Sundials - World's Oldest Clocks

North American Sundial Society

Time by Light of the Moon 2021
By the Light of the Moon
Photo by Dr. Jeff Kretsch

The analemmatic (human) sundial at Turner Farm Observatory Park in Great Falls, VA made by Eagle Scout candidate Kenny Dieffenderfer and Troop 1547 marked a unique place in sundialing history this July 23rd. The Analemma Society sponsors free Friday night public viewing of the heavens through telescopes at Turner Farm's Roll-Top Observatory. But just outside the Observatory on the sidewalk is Kenny's analemmatic dial. Could this dial tell correct time by the light of the moon?
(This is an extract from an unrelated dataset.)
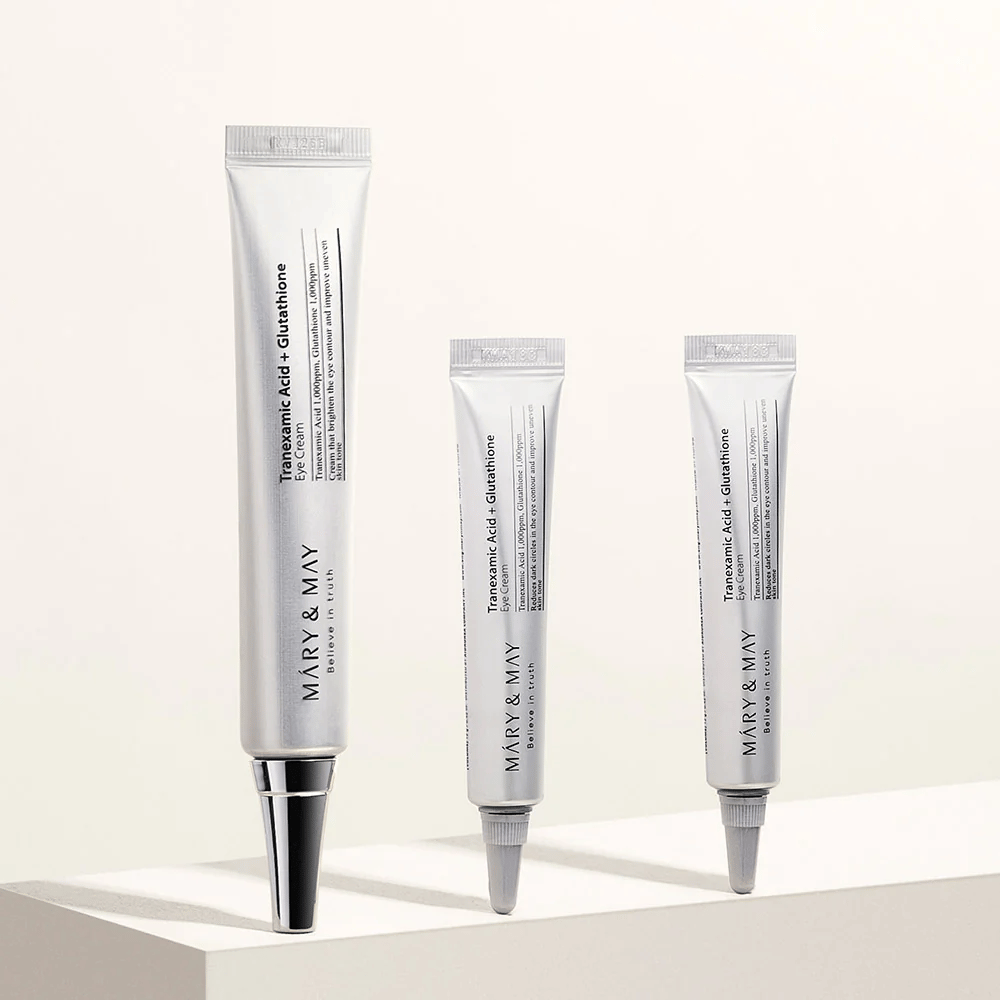 Eye cream van Mary&May met tranexaminezuur en glutathion in verschillende maten, ontwikkeld om pigmentatie te verminderen en een helderdere huid rondom de ogen te geven.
On July 23rd this question was put to the test. It was almost exactly a full moon and the sky was clear. As can be seen in the accompanying photo taken by Dr. Jeff Kretsch at approximately 10:10pm EDT, the lunar shadow of a volunteer human gnomon cast a shadow of about 9:10pm standard moon civil time. How did this come about?

The important facts needed to make the analemmatic dial tell the correct "moon time" is knowing both the phase of the moon and the declination of the moon. On that night the moon was very close to being exactly a full moon and the declination of the moon was 25 degrees south of the equator. The maximum that the sun ever gets is 23.45 degrees south of the equator at the winter solstice. That means that (with practical precision) even though it was a late July night, the human gnomon must stand on the dial's zodiac walkway at the Dec-Jan winter solstice mark. 

If this were the sun, we apply a  plus 8 minute correction for the 77 deg west longitude of the observatory. The moon gets the same treatment. But what about the moon's phase and the "equation of time"? Here we find a fortunate coincidence: The moon was full moon at 10:37pm EDT on that Friday night, so by luck the moon was almost exactly opposite the sun. The moon's average full moon to full moon (a synodic month) is 29.53 days. Thus the average moon's lead or lag of a mythical full moon is about 49 minutes per day. Therefore the lunar phase correction is approximately 49 x 20/1440 = 0.68 minutes (41 seconds) ahead of the average full moon. Finally the sun's EOT for Friday July 23rd is approximately 6min 30 sec to be added to a dial's shadow to get civil time. But the moon opposite the sun has EOT in the opposite direction of minus 6min 30 sec. The net lunar correction is therefore +8.0 -.68 -6.5 = 50 sec, just less than one minute that needs to be added to that night's observation analemmatic shadow. One might say that the moon and sun were in perfect alignment!